Assignment
The answer must consist solely of the lines from the line with "Hanasui Collagen Water" to the end of the data below, transcribed exactly and with no pictures.

(Short descriptive text snippets)
______
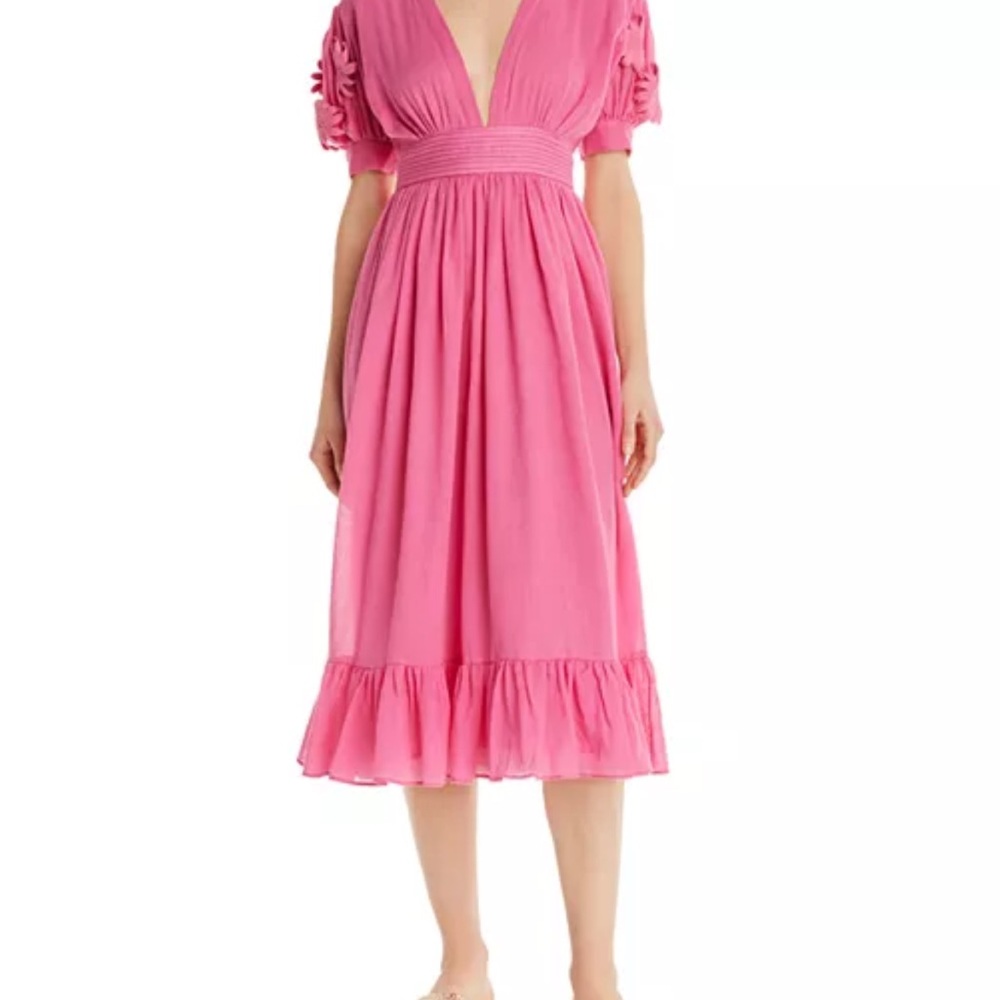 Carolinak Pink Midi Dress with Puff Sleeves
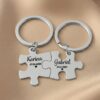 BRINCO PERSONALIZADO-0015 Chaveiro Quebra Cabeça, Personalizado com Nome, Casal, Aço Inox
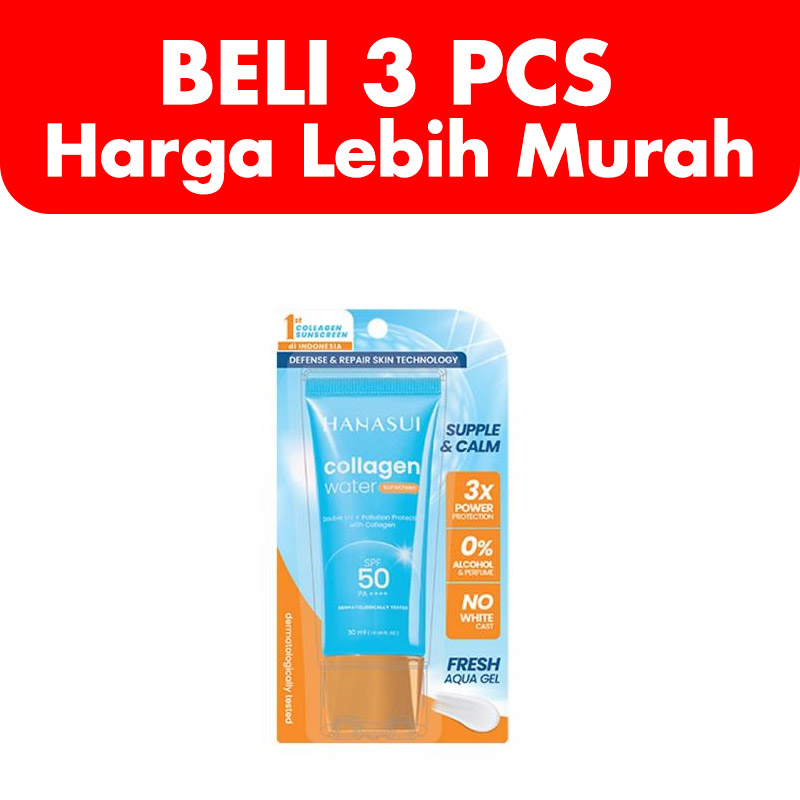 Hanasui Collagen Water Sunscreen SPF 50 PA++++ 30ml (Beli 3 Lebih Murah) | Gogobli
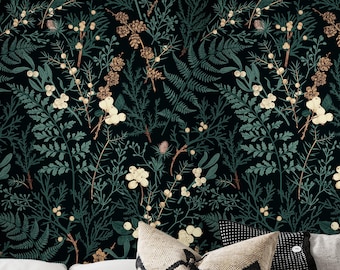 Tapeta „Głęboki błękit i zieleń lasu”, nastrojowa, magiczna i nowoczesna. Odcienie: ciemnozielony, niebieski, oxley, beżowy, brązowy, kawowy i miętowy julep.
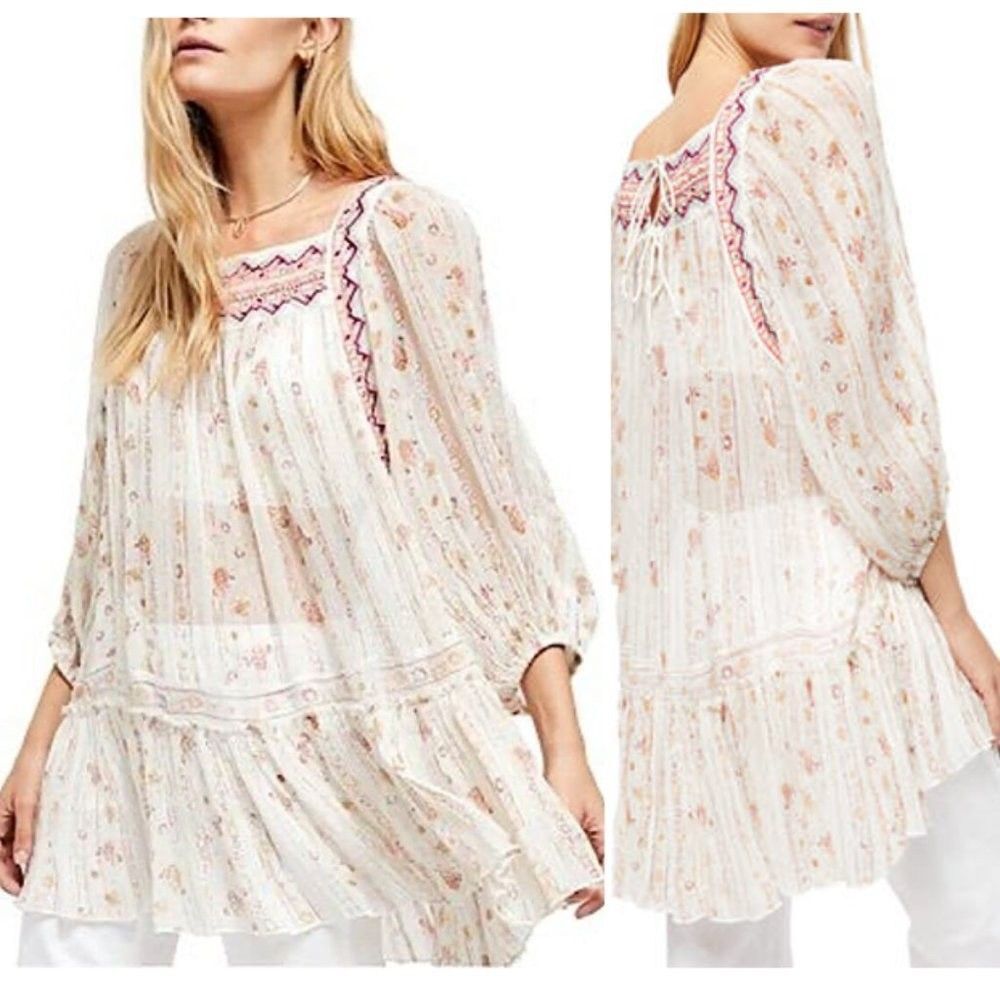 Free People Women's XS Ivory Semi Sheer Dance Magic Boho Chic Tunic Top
______
Output of the task
 Hanasui Collagen Water Sunscreen SPF 50 PA++++ 30ml (Beli 3 Lebih Murah) | Gogobli
 Tapeta „Głęboki błękit i zieleń lasu”, nastrojowa, magiczna i nowoczesna. Odcienie: ciemnozielony, niebieski, oxley, beżowy, brązowy, kawowy i miętowy julep.
 Free People Women's XS Ivory Semi Sheer Dance Magic Boho Chic Tunic Top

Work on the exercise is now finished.